こんにちは、ドクダミ淑子です。
私は、大学4年生のこの位の時期、母校である片田舎の公立中学校に教育実習をしに行っていました。
結果として、教員は自分に向かないということを実感した・・・いい経験でした。
教室に入った途端、妙な雰囲気を感じた
私が配属されたのは、中学2年生のクラスでした。
クラス替えが終わり、少しだけ落ち着いた5月下旬。
ですが、クラスの雰囲気は「妙」でした。
全員が、身構えているというか、クラスの安心感っていうのがなかったんですね。
誰もが警戒していて、よそよそしく、様子を見ていて、何かあったらすぐに臨戦態勢をとるか逃げるかができるような・・・そんな安心できない雰囲気。
「クラス替え直後だからかな?」「私が入ってきたからかな?」「中2だし、思春期だからかな」
・・・その時は、そのくらいに軽く考えていました。
でも、少しずつ気づいてきたんですね。
「あ、この担任の先生の『事なかれ主義』が生徒に伝わっているのではないか?」と。
そう思ったのは、担任の先生のことを「あの人」と言っている生徒がいる、っていうか多いということに気づいた時です。
担任の先生。
私が中学生の時、こっそり陰で呼ぶ時って、ニックネームを付けていたことはありました。

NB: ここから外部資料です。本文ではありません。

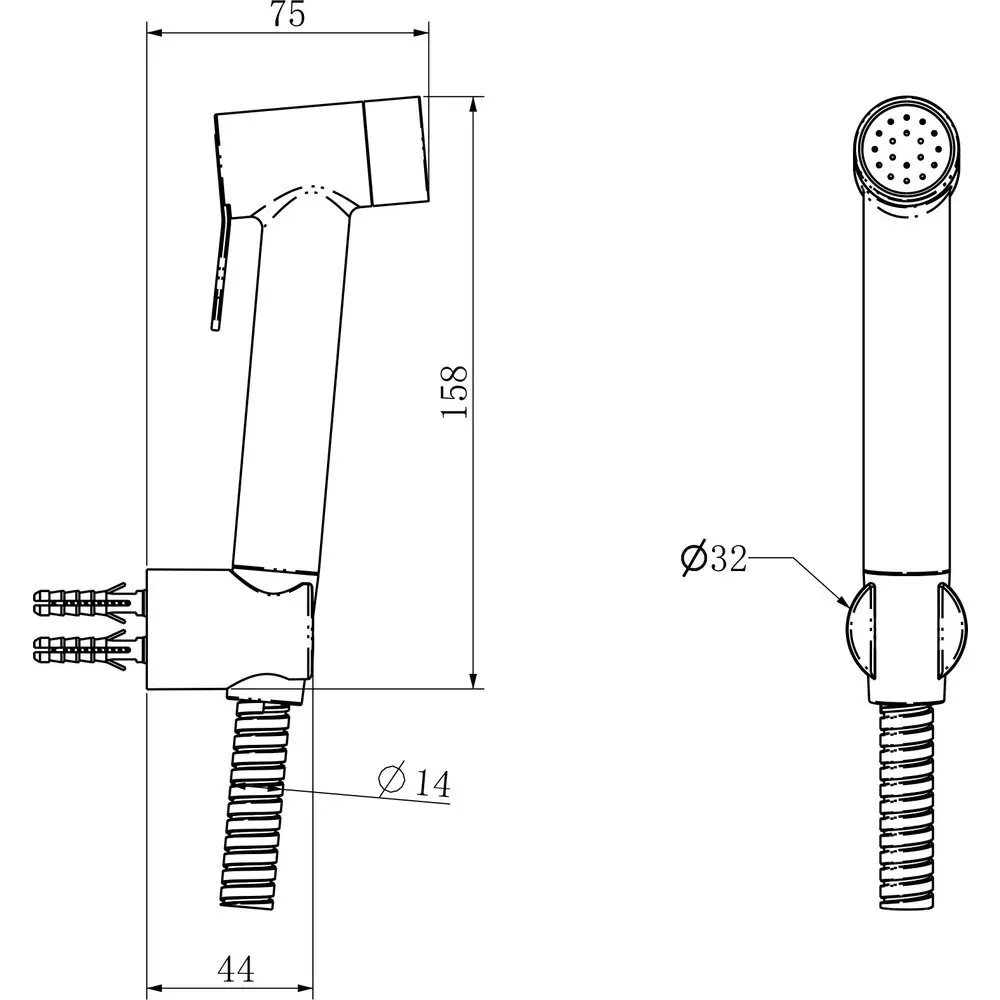 Фото 3 Смеситель для биде Stworki 585469 с гигиеническим душем цвет Хром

下の名前を呼び捨てたり、ちょっと悪意のあるあだ名をつけたり・・・
でも、それは良くも悪くも、「関心」があるからだったと思うんですよ。
それを、「あの人」かぁ・・・
そこで感じたのは、無関心だったんですね。
確かに、当たり障りのない接し方しかしない、その先生に私も違和感を持っていました。
「事件は、起こっても私の目に入らなければ、存在しない」
「余計なものは見ないふりするのが一番」
日々のアドバイスで、そういうことを感じていました。
爪痕を残したいと思ってしまった
毎日の帰りの会で、実習生からのコメントコーナーをいただいていたのですが、私はいつも先生のアドバイス通り、当たり障りのない話をしていました。
でも、つまらないんですね。
話している私もつまらないし、聞いている生徒もつまらなそうな顔をしている。
褒めてくれるのは、担任の先生だけ。
・・・私のひねくれ精神が、そこで満足するわけはありません。
何かしら、生徒の心に爪痕を残るような言葉を、1つくらい届けたい。
なので、教育実習も後半になった時、こんな話をしました。
- 半年前に、成人式に行った
- 成人式・その後の中学校の同窓会に「みんなに顔向けできない」という理由で欠席をした人がいた
- 私はそれが悲しかった、同級生に会いたかった
- 今、みんなは6年後のことなんて考えられないかもしれない
- でも、今の積み重ねが6年後に続くんだ
- だから、これからどういう大人になっていくのか、少しだけ考えてほしい
いつもヘラヘラしている生徒たちが、この時だけはシーンとなり、真剣に聞いてくれました。
私は、手ごたえを感じました。
あの時の言葉は正しかったのか?
担任の先生からは、こう言われました。
「もっと、みんなが元気になる言葉を言ってほしい」
今まで「元気になる言葉」を言ってきたから、今日くらいいいじゃないか・・・と思いましたね、その時は。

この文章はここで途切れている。